Van Ryn has worked on conservation issues across the Northeast for nearly 30 years. Most recently, she served as the founder and executive director of the Land Trust Accreditation Commission, an organization based in Saratoga Springs that ensures over 400 conservation groups nationwide adhere to national quality standards for governance, finance and land stewardship.
“Tammara’s entire career, from her time working in forestry in the Peace Corps in Ecuador through her advocacy of sustainable stewardship at the Land Trust Accreditation Commission, has been in the service of conservation and the protection of natural resources,” Peg Olsen, executive director of the Adirondack Chapter of The Nature Conservancy, said in a press release. “She understands the challenges and issues APIPP faces, from climate change to collaborating with partners as disparate as small landowners and the federal government, and the importance of building coalitions to manage the threats invasive species pose to our communities.”

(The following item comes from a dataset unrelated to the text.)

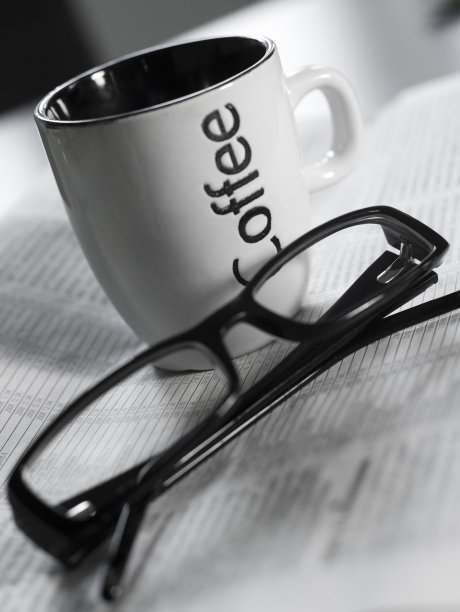 眼镜用报纸图片下载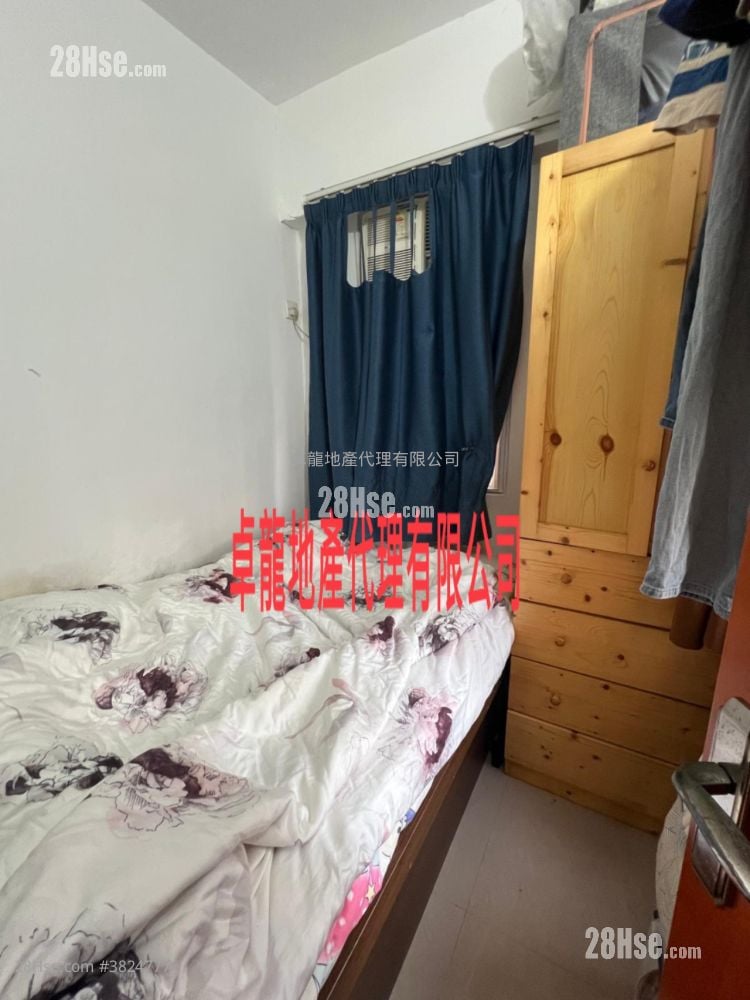 Kwai Lai Building Rental 2 Bedrooms , 1 Bathroom 307 ft²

Before launching the Accreditation Commission, Van Ryn served in several roles for the Land Trust Alliance in New York state and across the nation: She was policy director for the Society for the Protection of New Hampshire Forests, taught nonprofit management as an adjunct professor at Vermont Law School, and co-owned New Minglewood Farm, an organic vegetable farm in Greenwich.
“Invasive species aren’t just an ecologic threat — they’re an economic one as well,” Van Ryn said in the press release. “They affect every Adirondack community, and responding to the threat requires the engagement of communities across the Park. I’ve always believed in the power of partnerships, and I’ve sought those alliances for every conservation challenge I’ve worked on. I’m excited to be part of and help grow the team of local and state government and nonprofit partners that make APIPP so successful.”
Van Ryn is a graduate of Vermont Law School and SUNY College of Environmental Science and Forestry. She will move to Saranac Lake from her current home in Greenwich.